Baltimore: Protest food stamp cuts, Feb. 27

MONDAY, FEBRUARY 27, 2023 AT 5 PM – 5:30 PM
Protest Food Stamp Cuts
Baltimore City Hall

Press Conference & Rally
Monday, February 27, 5 pm
City Hall, 100 Holliday Street

Emergency food stamp allotments are scheduled to end in 32 states, including Maryland, on February 28, 2023. Eighteen states already cut food stamps. On average, people will lose $82 of SNAP benefits a month. A family of four could see a cut of $328 a month. Seniors could see reductions from $281 to as little as $23 per month.

The Peoples Power Assembly, Matthew Henson Neighborhood Association, Unemployed Workers Union, and others are demanding that these cuts be restored immediately and that the program be expanded due to the continuing inflationary crisis affecting Marylanders.

Dr. Marvin ‘Doc’ Cheatham, Matthew Henson Neighborhood Association and civil rights advocate, stated, “The federal government must address this crisis, but local state and city governments can and must act too. Everyone from the Mayor to the Governor can and must find the resources to keep people from starving and suffering!”

Reverend Annie Chambers, Douglas Homes housing advocate and Peoples Power Assembly organizer, declared, “They can find $100 billion for the Ukraine war, but nothing for the people. This is an outrage! Food stamps must be extended, not cut.”

Baltimore is already hard hit by food deserts and what activists are calling “Baltimore food apartheid.”

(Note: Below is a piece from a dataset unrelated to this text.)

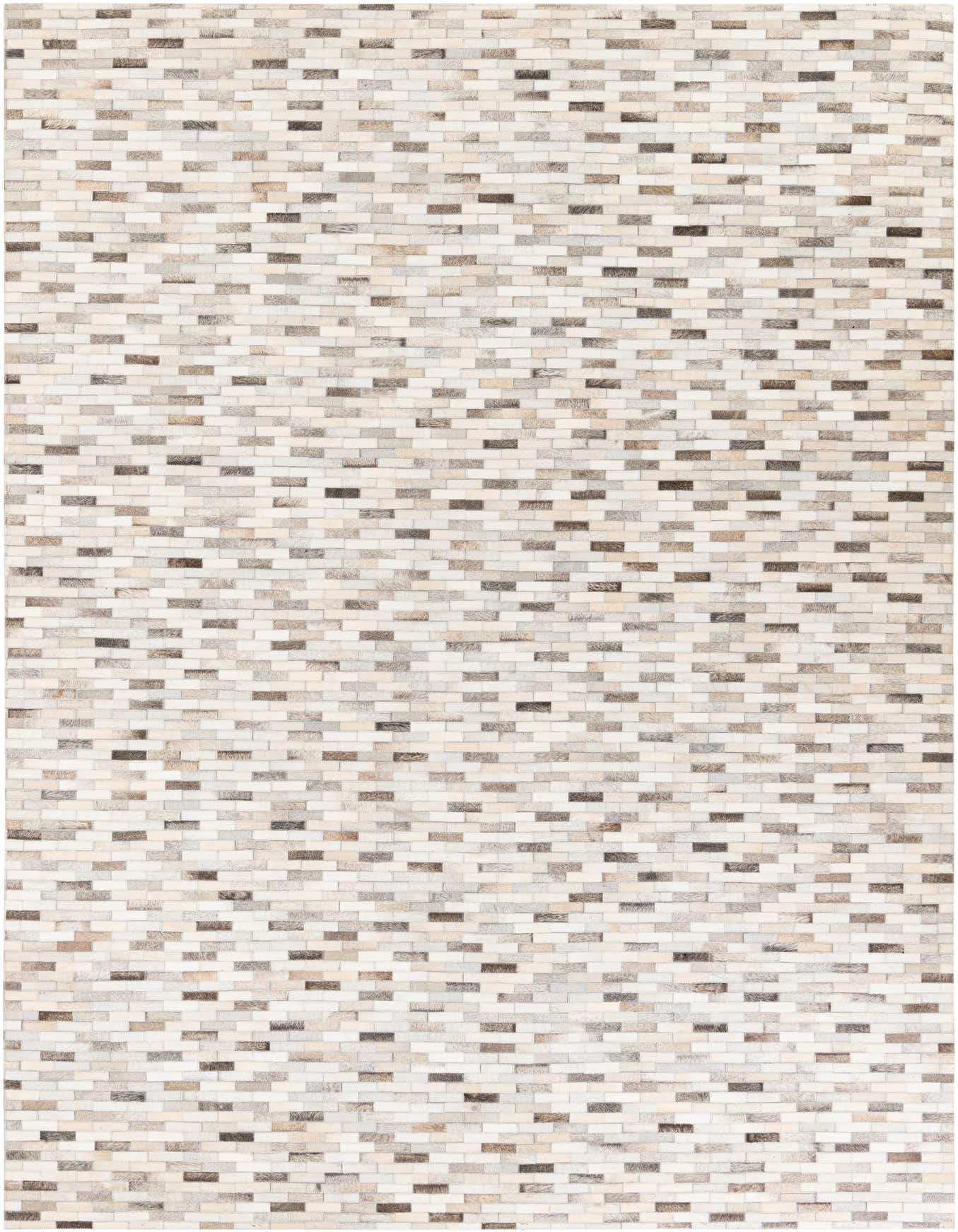 A rectangular 7x10 multi-colored modern cowhide rug with a brick-like pattern, perfect for a living room.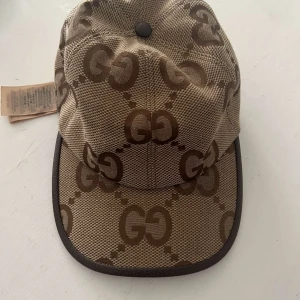 Beige keps från ggi med GG-mönster - Snygg beige keps från ggmed klassiskt brunt GG-mönster över hela kepsen. Kepsen har böjd skärm med mörkbrun kant och är tillverkad i ett slitstarkt tygmaterial. Perfekt för dig som vill sticka ut med en lyxig accessoar.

Groups have banded together in a campaign to “End Food Apartheid in Baltimore.” They are demanding that the food stamp program be expanded, including lowering requirements to allow seniors and low-wage workers more access. The campaign has called for rolling back prices, including enacting a people’s control board that has the power to freeze and roll back prices and enacting stiff penalties for price gougers.